2004年9月11日 21時29分 | カテゴリー: 活動報告

 制定に向けての検討を進めている「子どもの権利条例」の一環として、今日は高校生によるディベート大会が開かれました。豊島区内の4つの高校が5人ずつの生徒を出して、2校ずつ戦いました。

 ディベートは、個人の主義や主張に関係なく、肯定側と否定側に分かれて、どちらがルールをきちんと守った上で、説得力があるかによって、勝ち負けを競うものです。
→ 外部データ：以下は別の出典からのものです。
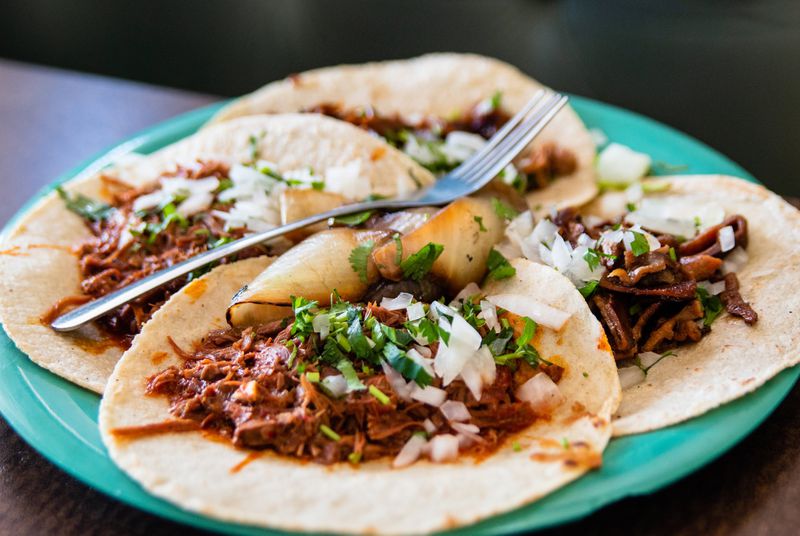 A plate of four tacos from El Rey Del Taco, including goat barbacoa (foreground) and buche, or pig stomach (background). CONTRIBUTED BY HENRI HOLLIS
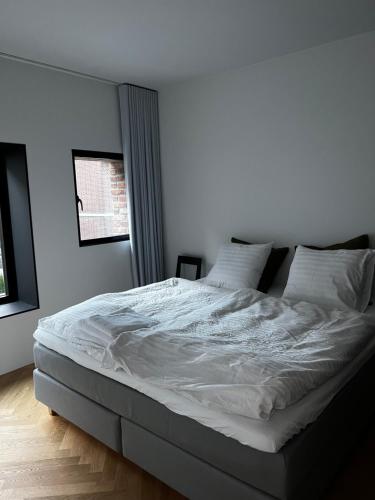 a bedroom with a large bed with white sheets and pillows at Boutique City Apartment Aarhus in Aarhus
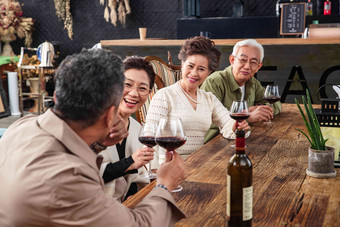 快乐的中老年朋友们品尝红酒餐桌清晰图片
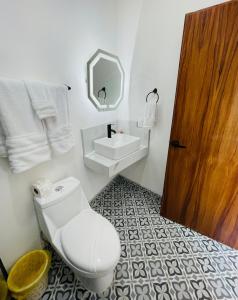 a bathroom with a toilet and a sink and a mirror at Casa Bugambilias 3 tercer piso in La Peñita de Jaltemba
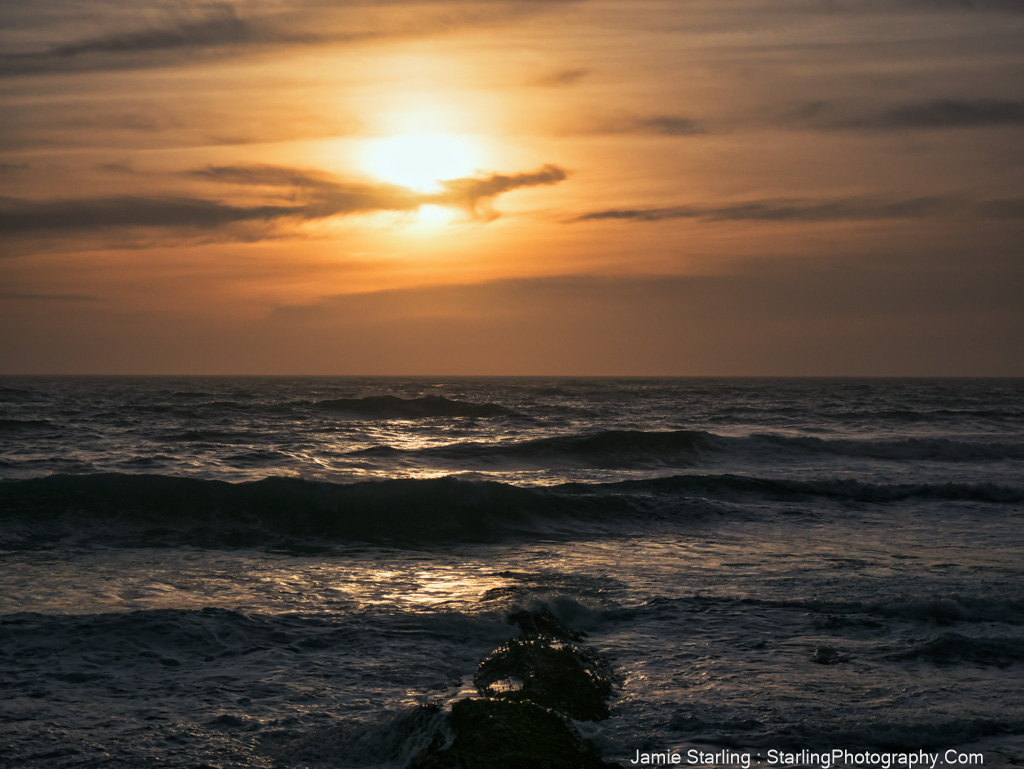 A mesmerizing sunset over the ocean, casting a golden glow on the waves, symbolizing self-discovery and inner peace.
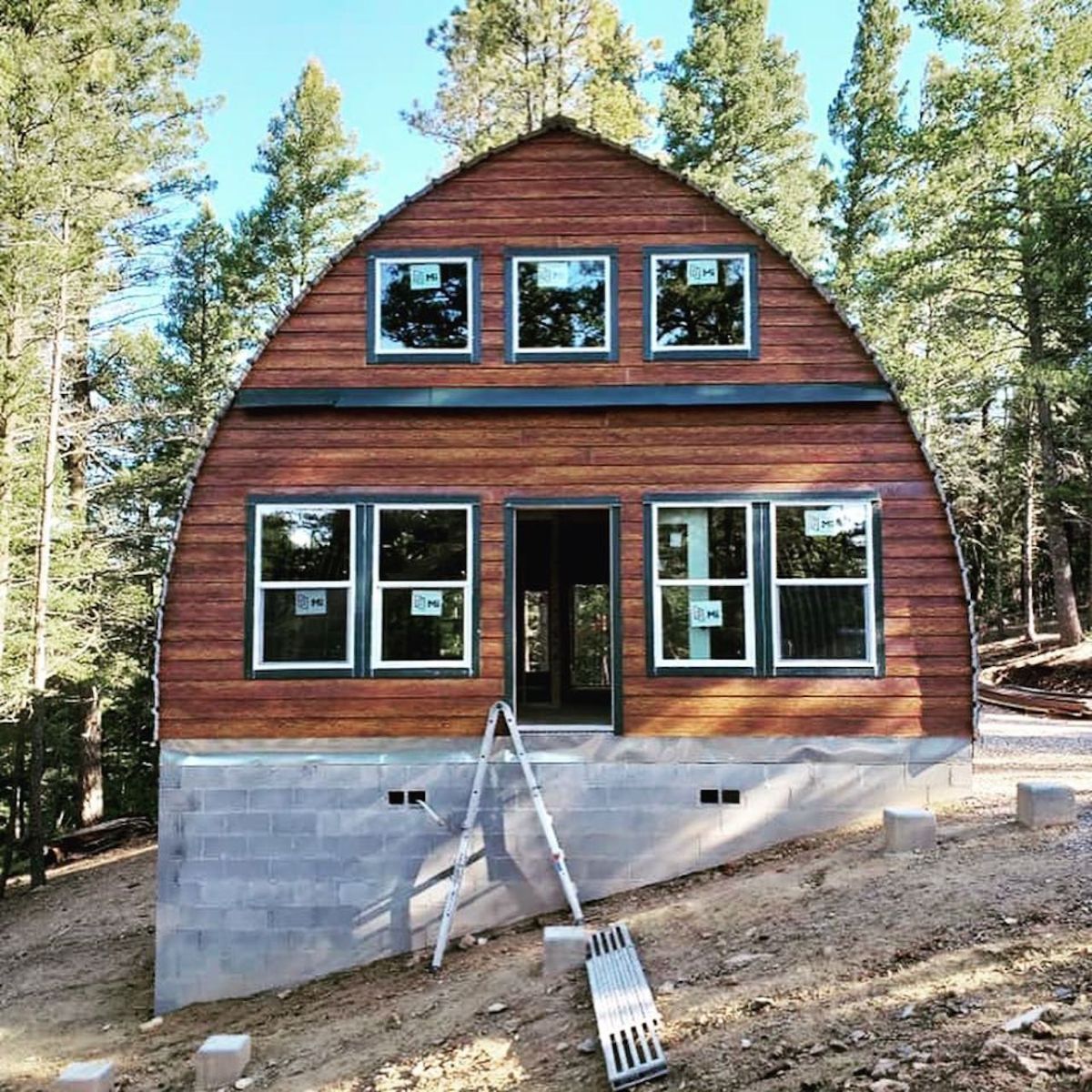 red stain wood siding on front of arched cabin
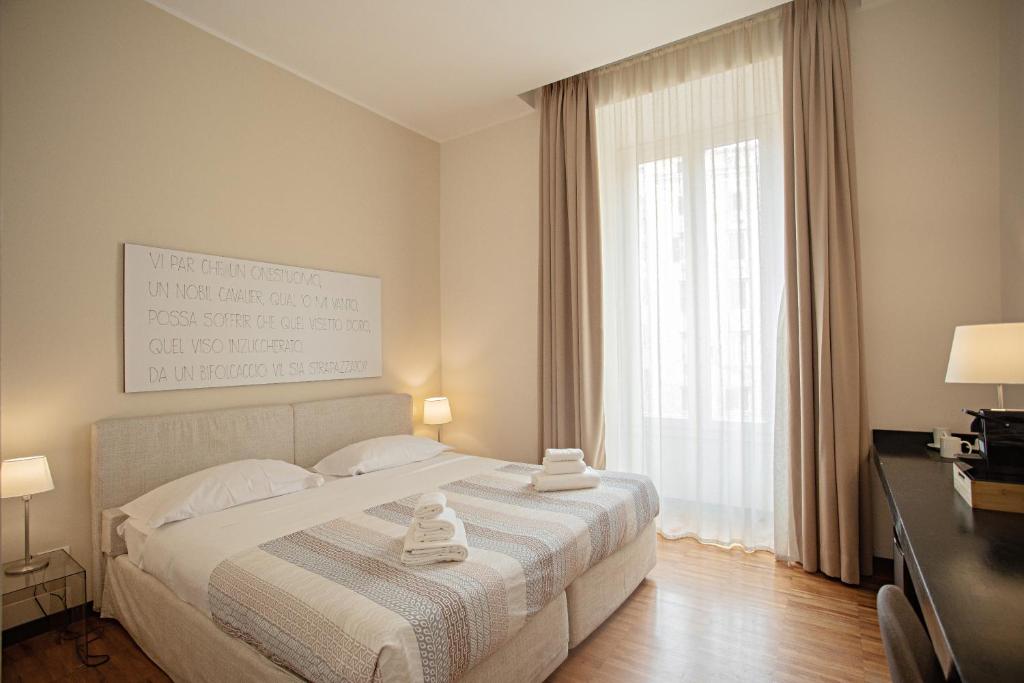 Uma cama ou camas num quarto em OperaDreams2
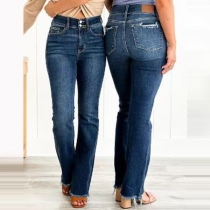 Modeknapp Höghus slitna kanter Vintage tvättade jeans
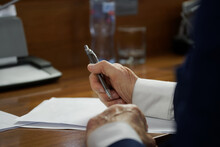 An Elderly Man In A Business Suit With Cuffs, Sitting At A Desk With Pen And Documents. Concept Of Writing A Will, Drafting A Contract Or Filling Out Forms. Photo. No Face. Selective Focus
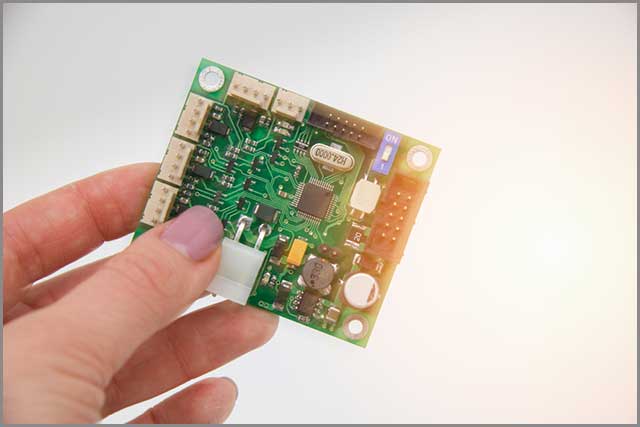 A person holding a PCB chip assembly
ですから、どちらが正しい、ということを判定するのではありません。

 お題の1番目、「日本は選挙権を18歳に引き下げるべきである」は、肯定側が豊島岡女子学園高等学校、否定側が立教池袋高等学校、2番目の「日本は子どものインターネット利用を制限すべきである」では肯定側が城西大学付属城西高等学校、否定側が都立豊島高校でした。

 この大会は今回が2回目で、これらの高校からは去年も参加がありました。

 目的としては、高校生がどこまで「理論的に」相手を「説得」できるか、ということですが、大変に興味深い3時間でした。

 事前に「立論」の部分は相手方に送っているようですが、今日になって若干の変更があったり、また質問が反駁めいていたりとルールを守ることの難しさも感じました。

 ディベートの面白いところは、自分が本当にそう思っていないことでもきちんと筋道を立てて相手を説得しようとするその手法にあると思っています。
 その手法はある種の訓練が必要ですので、以前にもこのページで書きましたが、小さいうちからその練習を学校などの教育の場ですべきだと思います。

 去年、私の下の息子の中学校でディベート大会があり、題は「頭が良い方が得か、体が丈夫な方が得か」で、(題の良し悪しは別として)彼は「体が丈夫な」側で、始まる前は「これは不利だ」と言いながらもおそらく身振り手振りなどの作戦も交えたのでしょう、見事に勝って来たことがありました。

 「子どもの権利条約」では、子どもとは18歳までとしていますが、いくつの子であっても、その意見を表明する場を保証されて、その意見を尊重されるべきだと思います。
 子どもがおなかにいるときは、母親としては、自分の一部のように思いがちですが、最初から別の人格、人間です。どんなに幼くても、「無能力」ということはありえません。
 子どもには子どもの視点があるはずです。
 
 豊島区で検討中の「子どもの権利条例」は、すでに条文の検討段階に入っています。
 条例が出来ても何も変わらない、ということのないような、実効性のあるものができることを期待しています。